▶ [Assignment]: Transcribe, exactly and without pictures, the lines below from the line with "Being a Historian" to the line with "Alphacool 17217 Computerkühlsystemteil/-zubehör", both ends included, and no others.

▶ [Recorded information]:
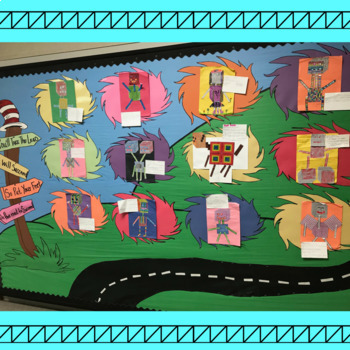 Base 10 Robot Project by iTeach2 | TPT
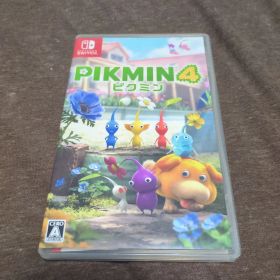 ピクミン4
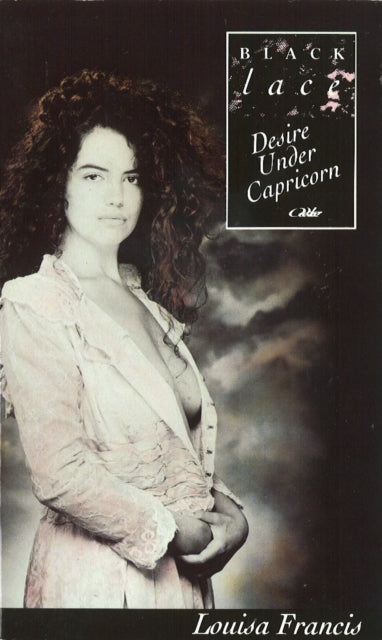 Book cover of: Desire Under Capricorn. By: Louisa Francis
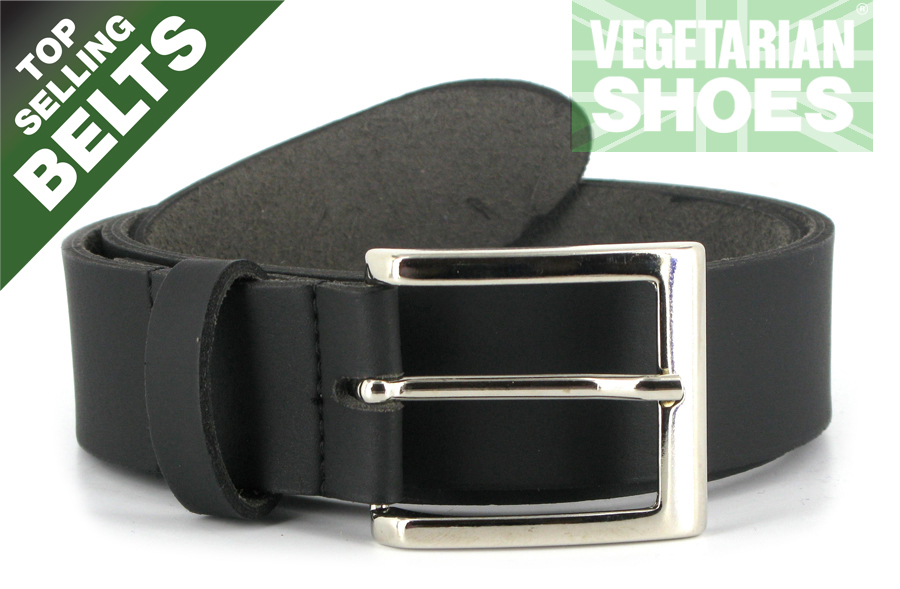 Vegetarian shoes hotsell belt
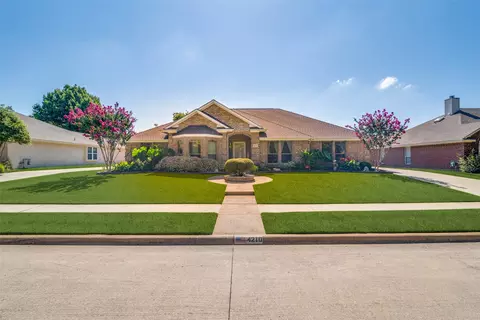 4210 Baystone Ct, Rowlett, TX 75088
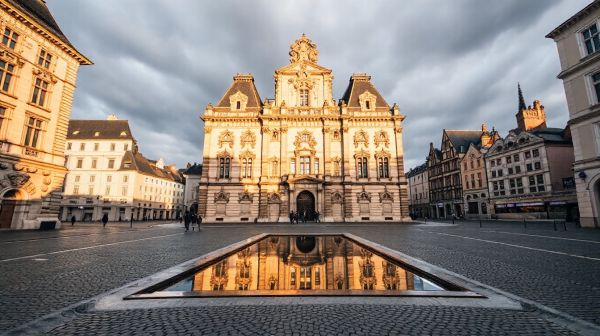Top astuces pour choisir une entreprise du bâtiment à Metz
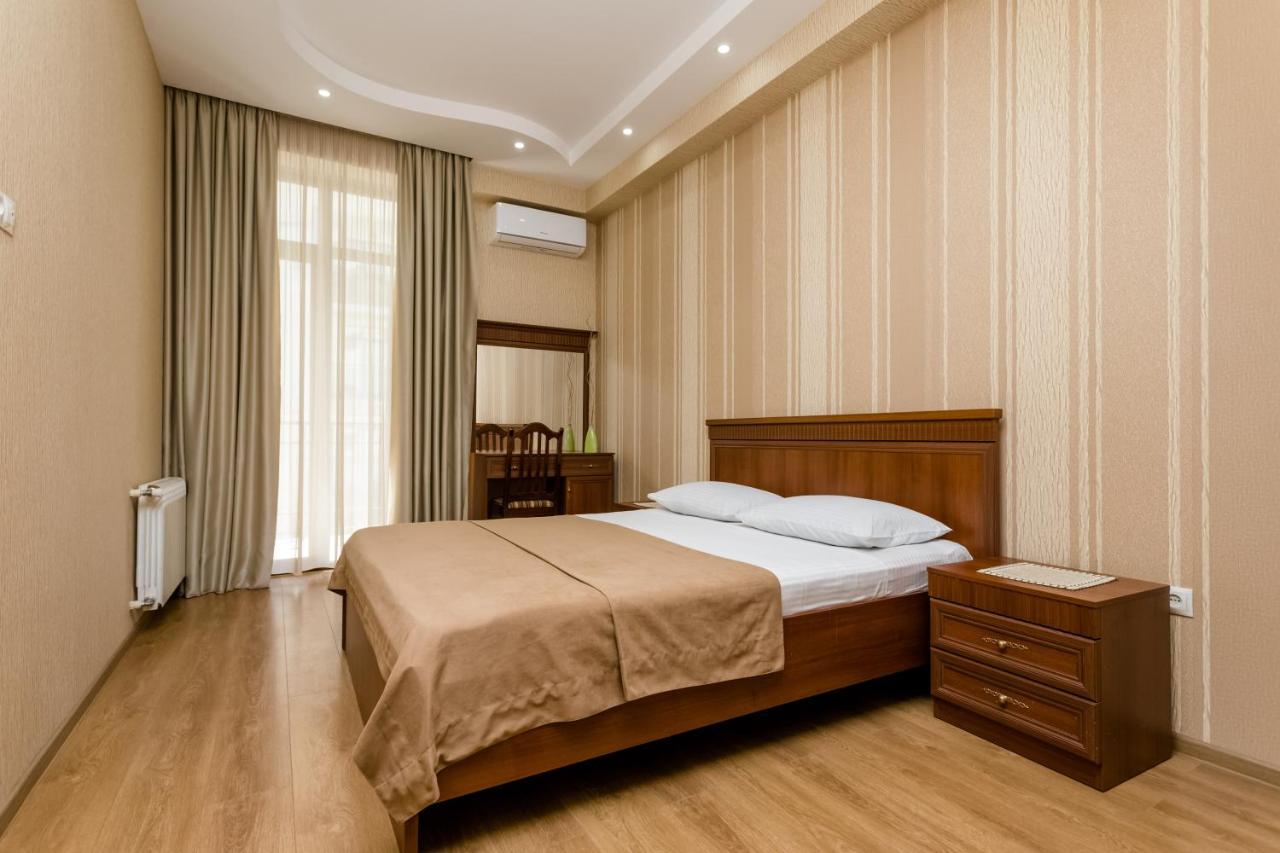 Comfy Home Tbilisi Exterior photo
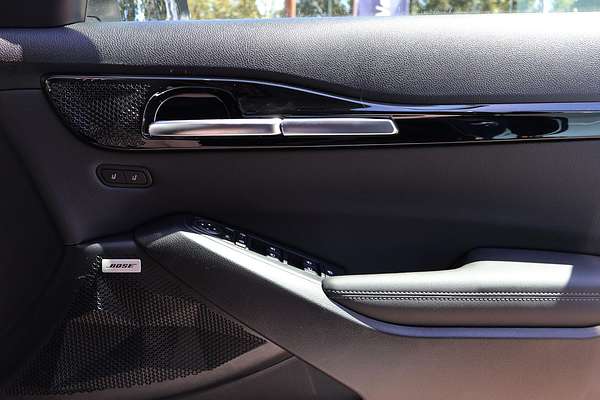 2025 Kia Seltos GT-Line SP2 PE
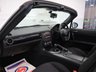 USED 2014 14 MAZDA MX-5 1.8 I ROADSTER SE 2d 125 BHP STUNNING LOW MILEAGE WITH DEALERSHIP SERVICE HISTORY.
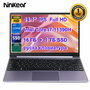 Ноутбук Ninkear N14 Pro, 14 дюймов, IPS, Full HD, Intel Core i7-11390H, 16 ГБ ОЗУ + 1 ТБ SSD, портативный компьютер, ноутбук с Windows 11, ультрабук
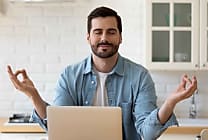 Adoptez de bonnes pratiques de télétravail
---
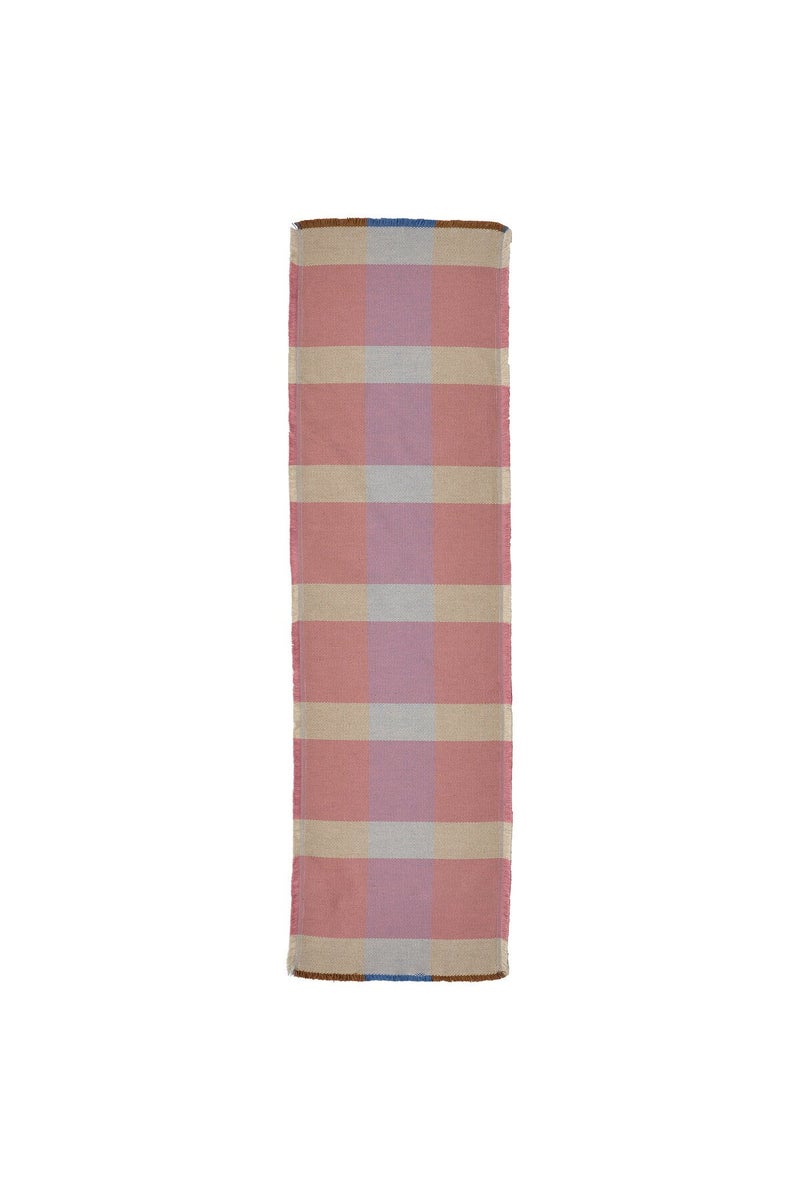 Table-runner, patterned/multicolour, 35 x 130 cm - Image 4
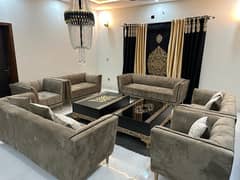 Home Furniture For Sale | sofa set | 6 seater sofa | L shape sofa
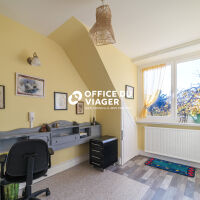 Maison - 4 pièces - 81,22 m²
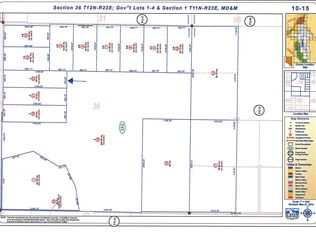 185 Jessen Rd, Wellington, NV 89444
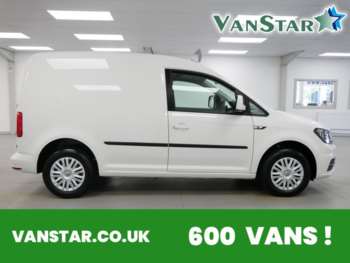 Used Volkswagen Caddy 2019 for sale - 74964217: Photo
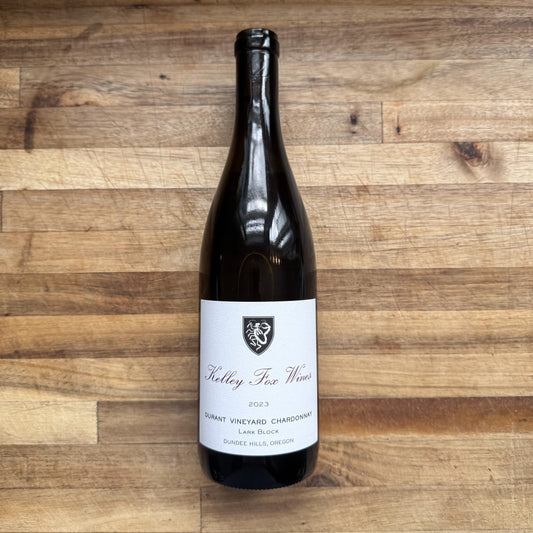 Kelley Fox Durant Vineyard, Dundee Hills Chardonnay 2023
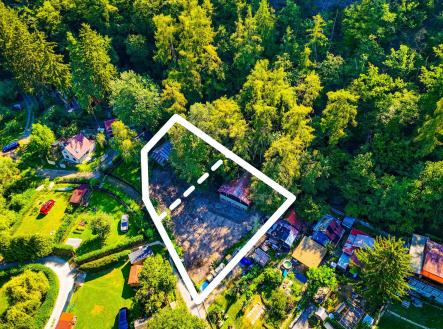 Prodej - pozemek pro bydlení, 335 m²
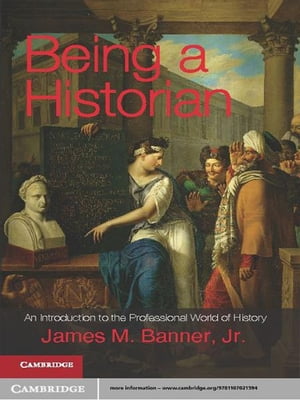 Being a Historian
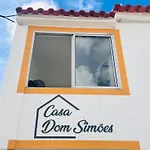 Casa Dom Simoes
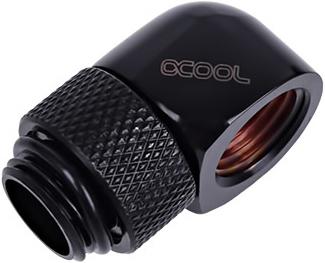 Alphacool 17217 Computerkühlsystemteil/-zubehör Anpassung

▶ [Exercise answer]:
 Being a Historian
 Casa Dom Simoes
 Alphacool 17217 Computerkühlsystemteil/-zubehör Anpassung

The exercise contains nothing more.